Claude Mythos: So Powerful That I'm Afraid to Let You Use Me

Only 12 institutions can use it.

On April 8th, according to Zhidongxi, Anthropic released its new-generation model, Claude Mythos Preview, and the accompanying security project, Project Glasswing, today. The most powerful ability of this model is that it can find software vulnerabilities that neither human experts nor automated tools have discovered. OpenBSD is one of the most notoriously difficult-to-breach operating systems. It found a vulnerability that had been hidden for 27 years in it. A certain line of code in FFmpeg had been triggered 5 million times by automated testing tools, but the problem was never identified. However, this model successfully discovered the vulnerability in it.

However, since the relevant protection mechanism is not yet mature, this model is not currently open to the public. It is only accessible within a small-scale cooperation system composed of 12 institutions. Anthropic also promised to provide up to $100 million (approximately RMB 687 million) in model usage credits for defensive cybersecurity research.

A tweet on the social media platform X by Anthropic officially announcing Project Glasswing

In the professional vulnerability reproduction test, CyberGym, it scored 83.1%, while Anthropic's previously most powerful public model, Opus 4.6, scored 66.6%. In terms of programming ability, in the SWE-bench Verified test that measures software engineering tasks, it scored 93.9%, while Opus 4.6 scored 80.8%. Anthropic said that the capabilities of the new model have reached the level of "being able to compete with the top human security experts".
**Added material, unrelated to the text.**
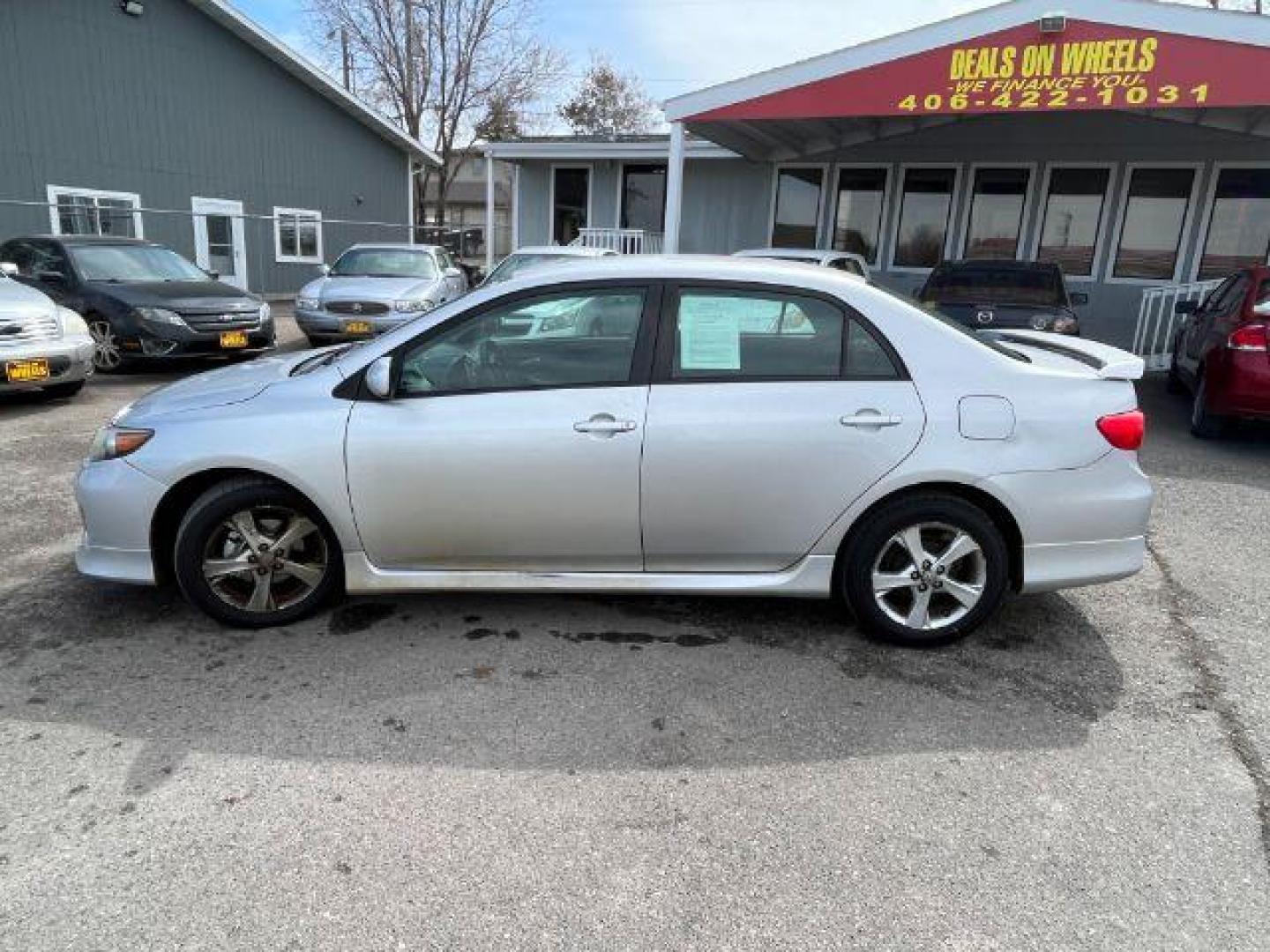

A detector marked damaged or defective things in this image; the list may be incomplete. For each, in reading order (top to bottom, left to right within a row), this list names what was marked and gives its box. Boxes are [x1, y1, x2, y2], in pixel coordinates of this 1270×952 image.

Anthropic also released the results of a special test on vulnerability exploitation in the Firefox JS shell environment. The data shows that in this scenario, Mythos Preview successfully generated a complete exploitable exploit (vulnerability exploitation code) in 72.4% of the cases, and register control was achieved in another 11.6% of the tests. In contrast, the success rate of the previous model, Opus 4.6, in the same task was less than 1%. This means that the vulnerability exploitation ability of Mythos Preview has increased by nearly 80 times compared to Opus 4.6.

A comparison test of the vulnerability exploitation capabilities of three Claude models in the Firefox JS shell environment (Source: Anthropic)

Meanwhile, Anthropic also announced supporting arrangements, including providing $4 million (approximately RMB 27.472 million) in funding to the open-source community, disclosing phased research results within 90 days, and promoting industry collaboration on issues such as vulnerability disclosure and supply chain security. Overall, this project not only focuses on model capabilities but also extends to governance mechanisms and industry standards.

This official release had an unseemly backstory. At the end of March this year, a configuration error in Anthropic's content management system led to nearly 3,000 unpublished internal assets being accidentally exposed in a publicly searchable data storage. The leaked content shows that Anthropic internally named this model Claude Mythos and characterized it as "the most powerful AI model to date." At the same time, the document directly warned that it "poses unprecedented cybersecurity risks."

About a week before the official release of the Glasswing plan, Anthropic accidentally leaked nearly 2,000 source code files and more than 500,000 lines of code due to a packaging error in the 2.1.88 version of the Claude Code software package. Subsequently, when trying to clean up, it mistakenly issued a take-down notice for about 8,100 GitHub code repositories, which was only resolved after an emergency withdrawal.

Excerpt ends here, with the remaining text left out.